Here’s one of the most potent and possibly disconcerting chapters in my recent book ‘Way Beyond The Blue’ for your perusal.

It’ll give you a flavour of the way I think and write.

If you want to read more, I’ve added the wee link to Amazon at the end!

❤ Dylan

 

 

 

Chapter 32

Yeshua Sayings That You Rarely Hear In Church ~ 4

‘For you took away the “key of knowledge”. You yourselves didn’t enter and you hindered the ones entering in.’

In this provocative, yet deeply perceptive statement, Yeshua bar Yosef once more turns the full force of the Divine spotlight onto the prevalent religious mindset of His day, indeed, onto the hidden mindset of all religious systems throughout the ages. The sacred skeleton in the cupboard can no longer remain dressed up in the pseudo-respectability that it cleverly attempts to clothe itself in.

So what exactly is this key of knowledge that Yeshua claims Judaism’s religious top brass were holding back from the common people? Well, in order to answer such a crucial question we need to examine the context of the Nazarene’s debate with His Jewish elders.

Yeshua has just fired both barrels at the number of excessive laws extrapolated onto the Torah by the Jewish Scribes. In other words, He was confronting the timeless issue of religious legalism that always reduces the big, spiritual picture to the minutiae of pietistic duty.

Yet, in the ensuing discussion, Yeshua unearths a much darker and sinister problem that lies as the foundation stone of all religious systems viz. violence and its accompanying hypocrisy; the hidden elephant in every holy of holies. The revelation of violence, lying at the heart of our commonly perceived route to holiness, is, I believe, the key referred to by the Galilean prophet-teacher; the key that opens the door to a totally new perception of the Divine Nature.

In first century Palestine the construction of tomb memorials to the prophets of past generations helped consolidate a much threatened, Jewish national identity, in the face of Roman oppression and occupation. The religious authorities in Jerusalem appeared to honour the pioneering spokesmen of their embryonic faith whilst paradoxically honouring their forefathers who’d murdered them. Yeshua decides to go straight for the sacred jugular in exposing the blatant hypocrisy of His fellow debaters by claiming that all prophets throughout human history, (Abel to Zechariah), had been murdered by the status quo religious representatives of their day.

Yeshua’s previous declaration that we cannot serve two masters appeared not to have registered with His supposedly learned audience.
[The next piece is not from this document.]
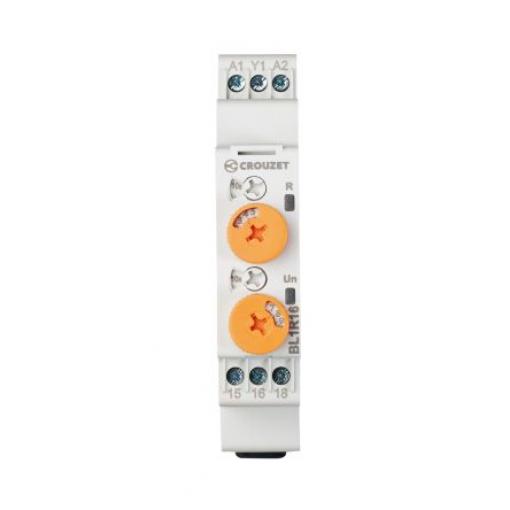 Crouzet Časovací relé, řada: Syr-Line Lišta DIN SPDT 1kontaktové 12 to 240 V dc 12 V ac, 240 V ac 1 funkce Šroub 0.5 s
The religious violence of the past was repeatedly being hushed up, indeed, literally whitewashed over on the victims’ grand memorial tombs. A good gloss has always been painted over such religiously motivated murders.

The Nazarene, ominously a prophet Himself, dared to expose the violent spirit that continued to underlie the religious game since the dawn of human history. He well and truly succeeded in flushing this destructive genie out of its shiny, sacred lamp, thus determining His own particularly tragic, yet deeply prophetic destiny.

You are sons of your father who was a murderer from the beginning’ elsewhere exploded the early Jewish myth of a violent, angry God, the father in question being the Satan or Adversary of skewed human desire. No wonder Yeshua’s listeners immediately attempted to respond with violence, ironically proving the truth of His claims regarding their dubious spiritual parentage.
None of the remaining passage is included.